Employers are facing the “skills gap” as Baby Boomers retire faster than Millennials develop a similar skill set. This phenomenon—also known as “aging out”—is having a similar effect on associations. Older members are retiring at a faster pace than new members are replacing them. What some might see as a problem can actually be a great opportunity for associations. Establishing credentialing programs for young professionals can be a smart way to attract the next generation of members.
Earlier this year, Millennials passed Baby-Boomers as the largest age group in the workforce. Some associations have struggled to find ways to recruit this age group. As Associations Now points out, however, credentialing can be a way to attract Millennials. This seems like a natural fit for associations. In fact, most already include industry-specific training as part of their mission. Not only can training attract new members, it will also enhance your value to these new members. Establishing your association as the go-to resource for young members will have a positive impact on your organization for many years.

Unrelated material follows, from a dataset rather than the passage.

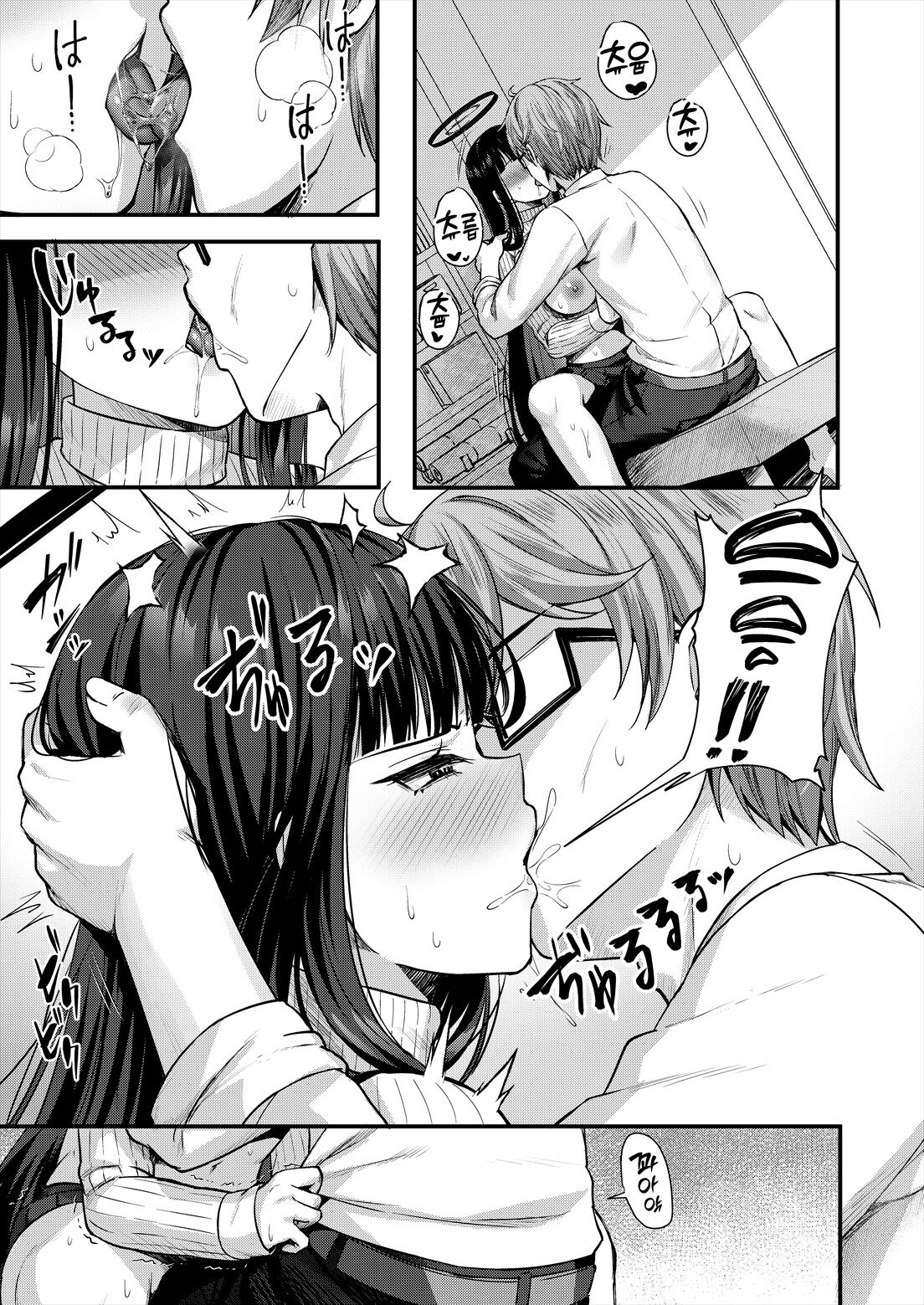 Rio Kaichou no Kokoro to Karada o Hogusu Himitsu no Massage | 리오 회장의 몸과 마음을 풀어주는 비밀 마사지 page 12 full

Credentialing programs for Millennials rely on many of the same traditional instructional design fundamentals that have been in place for years. But there are some things to keep in mind, especially when it comes to including technology in your courses. So, before you create your next program, here are five tips that will help your association’s courses become the go-to resource for Millennials.
Tip #1: Don’t just create courses for Millennials, create them for your industry
When helping to create the workforce of the future, the first challenge is to match the training program to the eventual needs of the industry. It may be tempting to ask your younger members for input on which courses they would like to take. The danger with this approach is you may end up teaching skills that are useful today but may not be what the industry actually needs over the long term.

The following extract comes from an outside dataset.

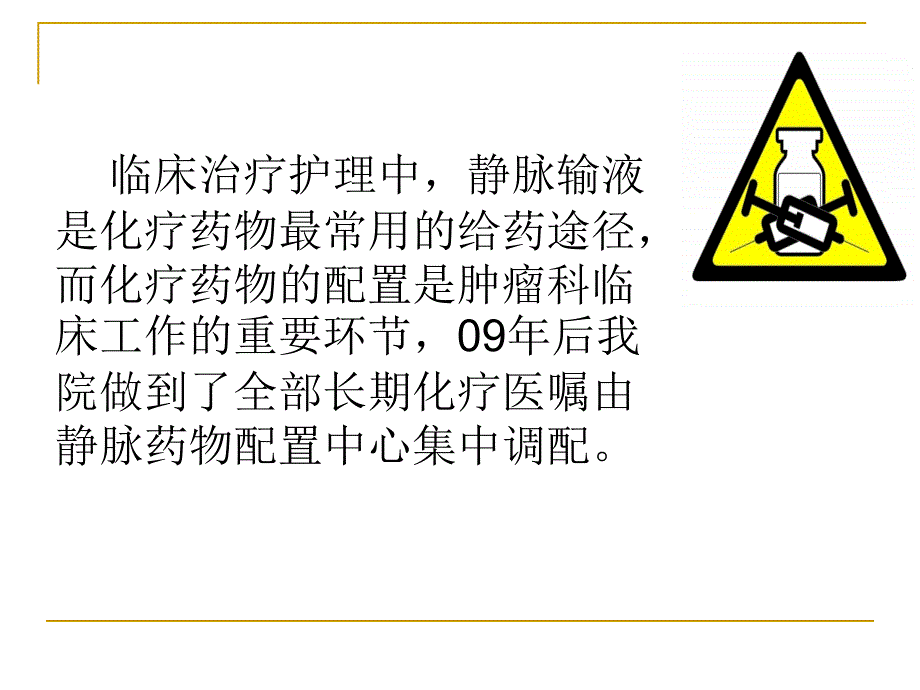 化疗药物配置与生物安全柜的使用资料.ppt_第3页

A better approach to selecting course content is by talking with industry leaders about the skills they’ll need in the future. Asking for their input gives you a forward-looking perspective–one that someone new to the industry will not be able to provide.
Creating a training course based on the industry’s anticipated skills gap over the next five years will put your association in a position to be a long-term leader in providing skilled workers.
Tip #2 There is still room for in-person instruction
Technology enables learning opportunities that didn’t exist a decade ago. But that doesn’t mean traditional, in-person instruction is obsolete. Traditional classroom learning remains a valuable format for associations teaching members. In fact, there are some topics that just need the high-level interaction that only comes from instructors and learners being in the same physical location. One example of training that can’t be replicated online is a course in safe food-handling procedures. It’s important to let your content choose the right format for your class.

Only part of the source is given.